Il Green pass obbligatorio potrebbe avere vita più breve del previsto: a dicembre si decide. Ecco quali sono i punti da chiarire

12 Ottobre 2021

Green Pass

Green pass al lavoro

È già retromarcia sul Green pass: secondo quanto annunciato dal sottosegretario alla Salute Andrea Costa si va verso la revisione per il 2022, il tutto da ragionare secondo lo stato dei contagi e delle ospedalizzazioni a fine anno. Un commento che potrebbe non passare inosservato, soprattutto a fronte del fatto che tra pochi giorni, il 15 ottobre, scatta l'obbligatorietà alla certificazione verde per qualsiasi mansione lavorativa.

Revisione Green pass allo scadere dello stato di emergenza

Prima il Green pass solo per il luoghi chiusi e (in teoria) affollati. Poi la certificazione verde ha iniziato a espandersi a macchia d'olio, arrivando anche dove la correlazione sembrava assurda: il presidente del Consiglio Mario Draghi aveva ben imparato la lezione del presidente francese Emmanuel Macron, e il pass si era presto rivelato uno strumento per spingere le vaccinazioni.

A partire dal 15 ottobre il Green pass viene esteso anche sul posto di lavoro, indipendentemente dal fatto che sia dipendente, a contatto con il pubblico, autonomo o da casa. Chiunque dovrà aspettarsi dei controlli a campione e mostrare la certificazione verde ottenuta previa vaccino, tampone negativo o recente guarigione dal Covid certificata da un medico competente.

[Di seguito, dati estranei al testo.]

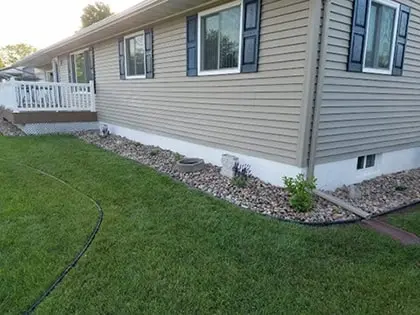decorrock-420pxw Single-story beige house with blue shutters, surrounded by a neatly landscaped yard. A rock border with sparse plants lines the house, and the lawn is green and well-maintained. A black hose runs across the grass.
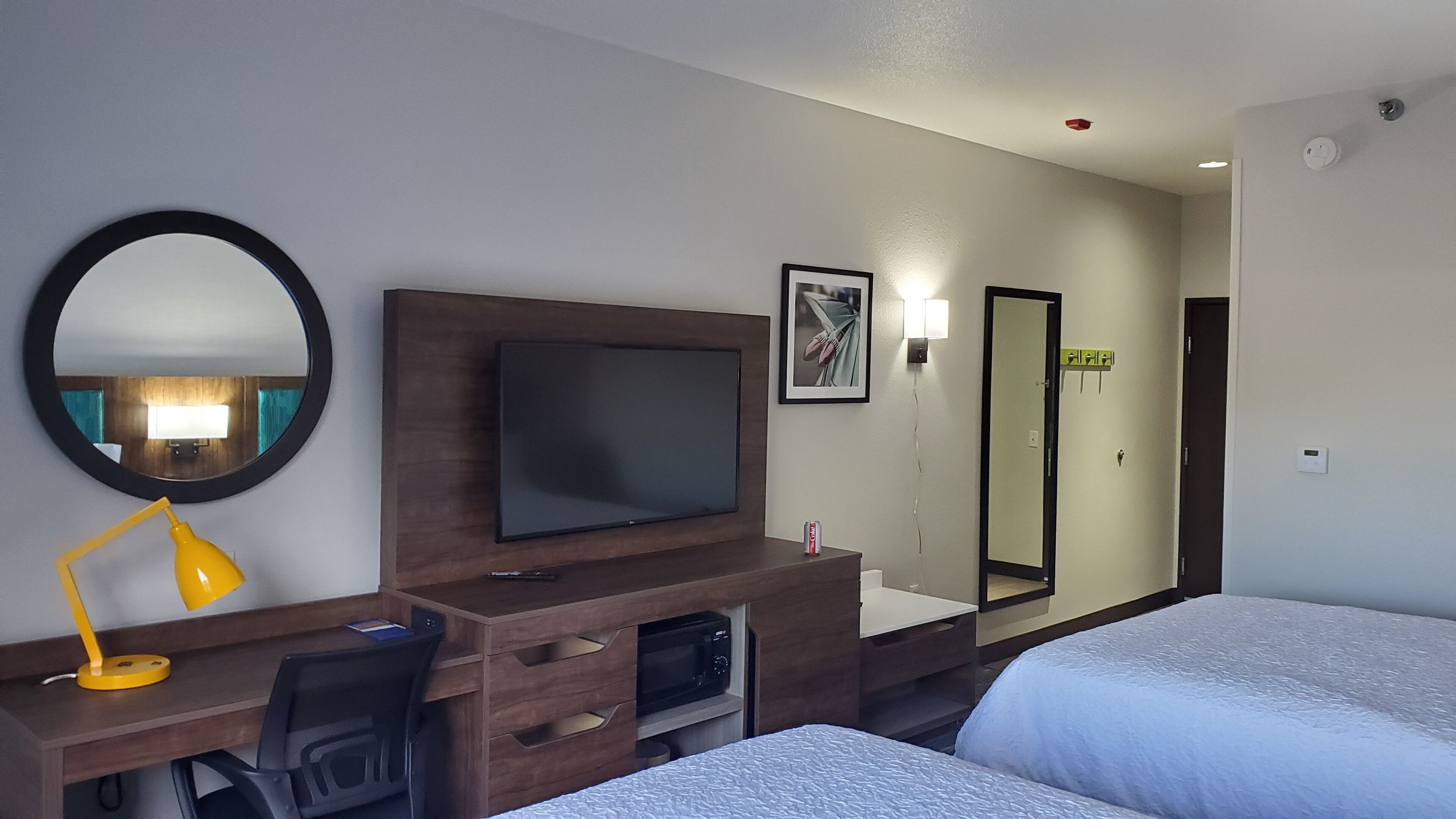 Ett hotellrum med en säng, ett skrivbord med en dator, en tv, en spegel och en badrumsdörr.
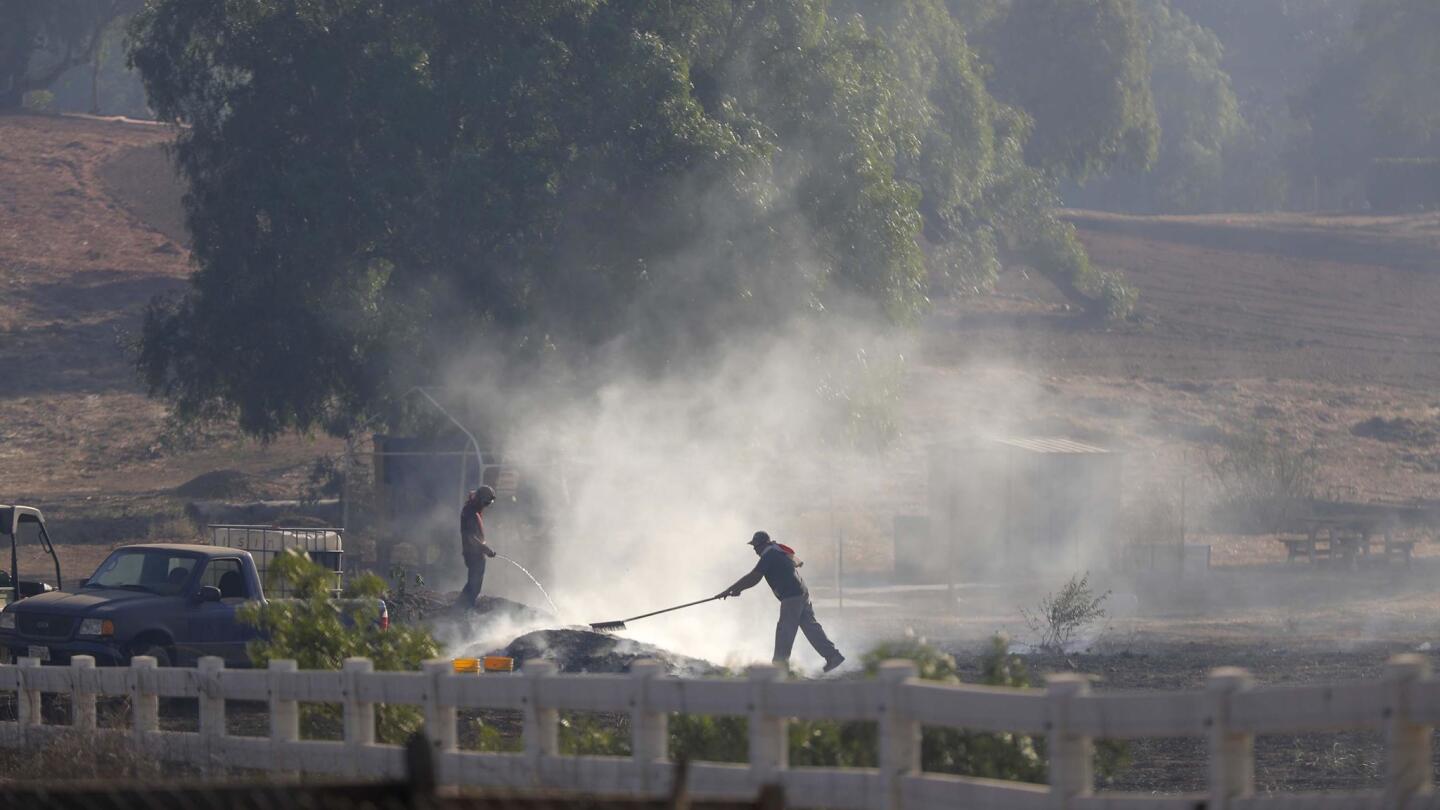 Workers work to put out a smoldering fire along West Lilac Road.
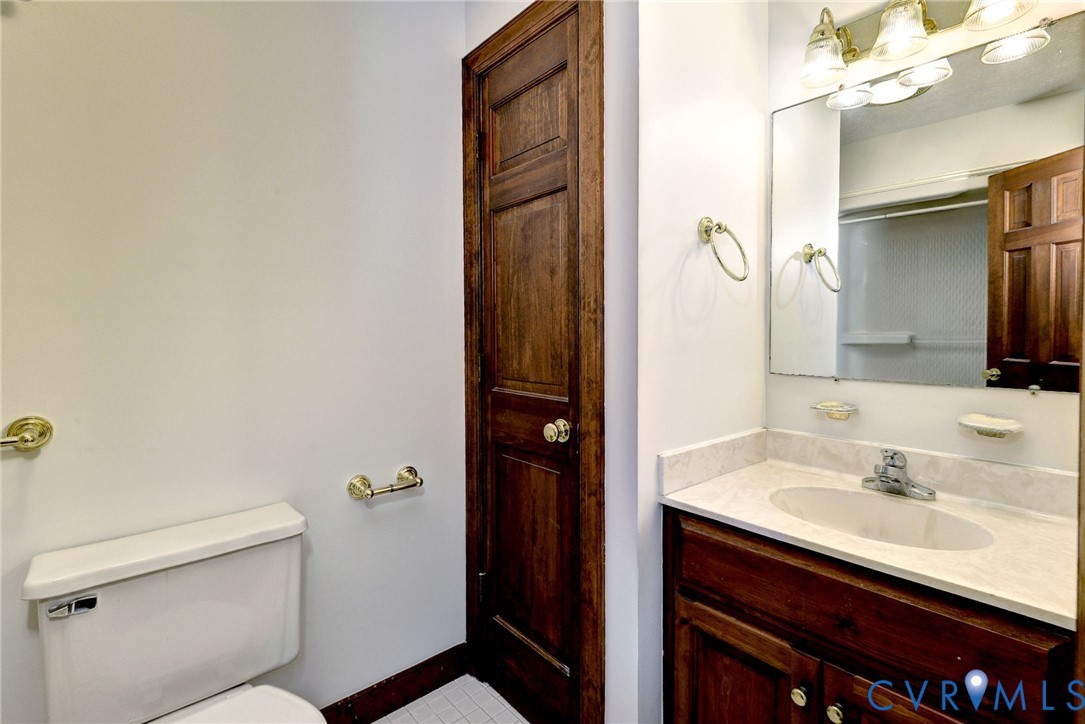Vanity featuring a stone-composite countertop with an integrated oval basin, natural wood-finish cabinetry, solid wood door, and polished brass fixtures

Il sottosegretario Costa: "Rivedere il Green pass se i dati lo consentono"

Sul tema il sottosegretario alla Salutev Andrea Costa ha cercato di fare qualche promessa: "Sarà possibile rivedere ed eventualmente ridurre l'attuale applicazione del Green pass con l'inizio del nuovo anno", commenta il funzionario alla stampa nella tarda serata di lunedì 11 ottobre. Però precisa: "Se i dati dell'epidemia di Covid 19 continueranno a mostrare un trend di miglioramento, ma una valutazione più precisa sarà fatta a dicembre in concomitanza con la scadenza dello stato di emergenza che auspichiamo possa avere termine".

Anche l'infettivologo e direttore del Matteo Bassetti aveva confessato che una riduzione delle restrizioni e l'obbligo di Green pass potrebbero essere possibili. "Stiamo vedendo la fine, se in questo ottobre la curva epidemiologica continuerà così senza un incremento dei ricoveri e della pressione sugli ospedali", aveva detto il medico, "potremmo pensare anche a ridurre l'obbligo di Green pass".